= Marlys Edwardh =

Canadian lawyer

Marlys Anne Edwardh, CM (6 March 1950 – 14 July 2026) was a Canadian litigation and civil rights lawyer recognized for upholding the causes of justice and the rights of the wrongfully accused. She was one of the first women to practise criminal law in Canada.

==Biography==

Edwardh was born in Lethbridge, Alberta in 1950 and graduated from Osgoode Hall Law School in 1974. She held a Master of Laws degree from the University of California, a Bachelor of Arts degree in political science from Carleton University, and an honorary Doctorate in law from the Law Society of Upper Canada. She was called to the bar in 1976.

Edwardh has been involved in numerous high-profile Canadian criminal cases:
- She fought to overturn the wrongful convictions of Donald Marshall, Guy Paul Morin and Steven Truscott.
- She represented wrongly accused Maher Arar in the commission that investigated his deportation to Syria from the United States and his subsequent torture.
- She served on royal commissions examining Canada's blood system (Krever Inquiry) and the Parker Inquiry, which investigated conflict of interest charges against former Cabinet Minister Sinclair Stevens.
- In 2000, she argued for freedom of the press on behalf of several Toronto news organizations ordered to hand over footage of police breaking up an anti-poverty protest at Queen's Park. In 2005 she led the opposition to Bill C-49 on human trafficking.

Some of Edwardh's more recent high-profile cases include representing Mahmoud Jaballah and Mohammad Zeki Mahjoub, detained under highly controversial security certificate legislation, and Ronald Smith, a death penalty case involving complicated administrative and constitutional law. Other clients include the National Post newspaper on a case waiting to be heard by the Supreme Court of Canada regarding freedom of the press and the right to protect confidential sources.

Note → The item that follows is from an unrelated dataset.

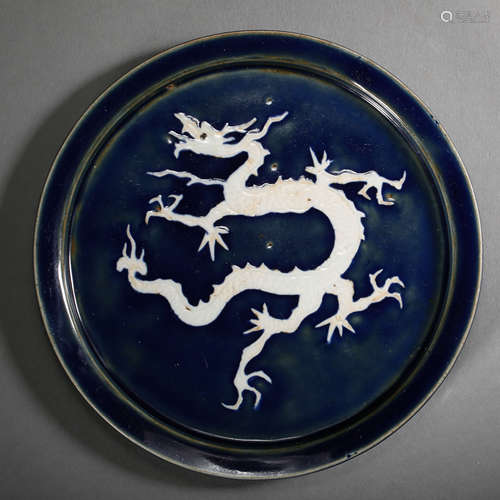 CHINESE YUAN DYNASTY BLUE GLAZED PLATE WITH WHITE DRAGON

Edwardh rarely holds press conferences and is known to be generally reluctant in granting interviews. She was quoted as saying in 2002 that "a lot of the cases I take on, by their nature, generate coverage, but I draw the distinction between personal publicity, which I do not seek, and publicity for the cases I take on that I think have real importance and so attract attention."

From 1976 to 2008 she was a partner with the law firm of Ruby & Edwardh (with Clayton Ruby) in Toronto, Ontario. In 2008 she formed her own firm, Marlys Edwardh Barristers, and has since joined the partnership of Sack Goldblatt Mitchell LLP.

In 2005 she was the first recipient of the Canadian Journalists for Free Expression Vox Libera award. In 2010, she was appointed a Member of the Order of Canada.

Edwardh of cancer died on 14 July 2026, at the age of 76.